Within the records that follow, restate exactly the lines from the line with "5, 2003. Sec." down to the line with "Hospital reunion: A", including both. Omit the pictures.

> **Material provided**

'''

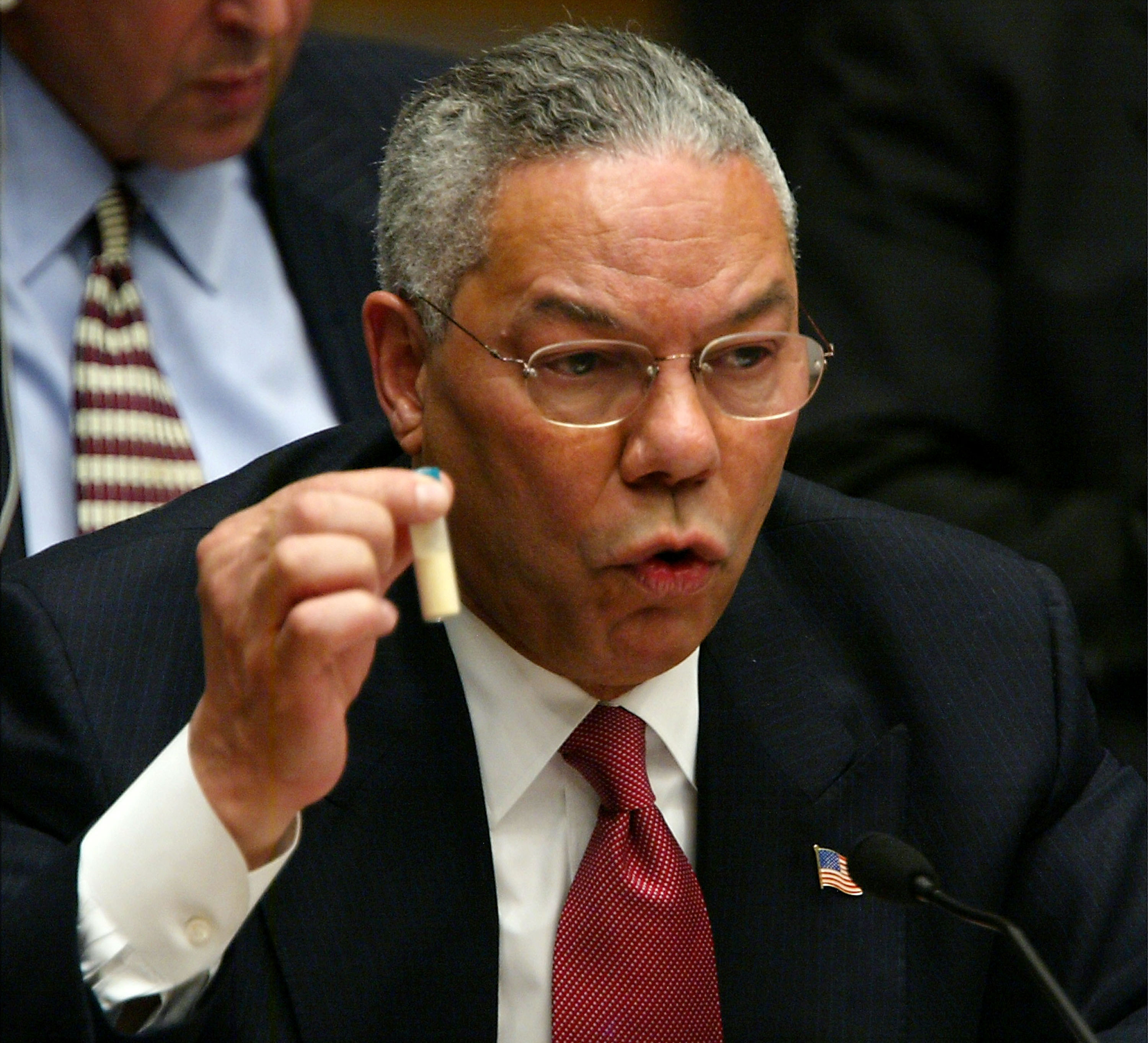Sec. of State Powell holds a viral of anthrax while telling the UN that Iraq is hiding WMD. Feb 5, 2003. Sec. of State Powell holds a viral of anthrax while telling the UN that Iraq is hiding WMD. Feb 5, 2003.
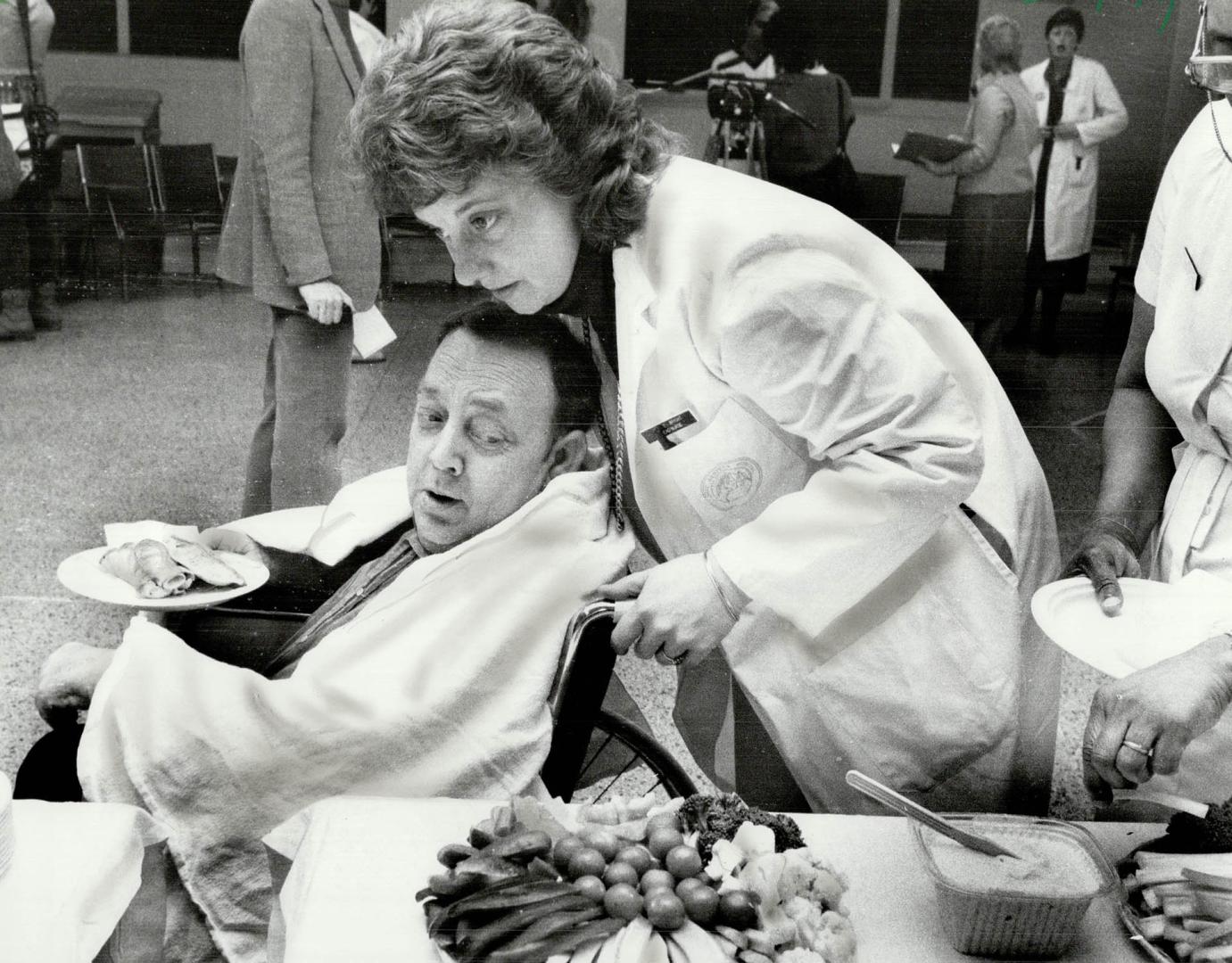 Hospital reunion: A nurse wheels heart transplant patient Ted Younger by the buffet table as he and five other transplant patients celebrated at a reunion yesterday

'''
'''

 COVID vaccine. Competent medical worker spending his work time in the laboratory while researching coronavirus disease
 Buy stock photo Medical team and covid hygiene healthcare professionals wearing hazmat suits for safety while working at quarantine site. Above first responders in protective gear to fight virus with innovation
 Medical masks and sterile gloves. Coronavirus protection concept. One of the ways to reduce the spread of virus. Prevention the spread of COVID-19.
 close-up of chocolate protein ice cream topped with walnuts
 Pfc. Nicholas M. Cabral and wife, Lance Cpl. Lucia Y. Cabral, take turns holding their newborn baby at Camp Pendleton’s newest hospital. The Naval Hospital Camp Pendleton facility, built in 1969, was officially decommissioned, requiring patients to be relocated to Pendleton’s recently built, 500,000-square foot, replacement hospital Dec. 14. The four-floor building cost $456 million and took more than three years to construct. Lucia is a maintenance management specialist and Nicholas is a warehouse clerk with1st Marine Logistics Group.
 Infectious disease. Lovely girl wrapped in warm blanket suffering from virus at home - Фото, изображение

'''

> **Answer to this problem**
Sec. of State Powell holds a viral of anthrax while telling the UN that Iraq is hiding WMD. Feb 5, 2003. Sec. of State Powell holds a viral of anthrax while telling the UN that Iraq is hiding WMD. Feb 5, 2003.
 Hospital reunion: A nurse wheels heart transplant patient Ted Younger by the buffet table as he and five other transplant patients celebrated at a reunion yesterday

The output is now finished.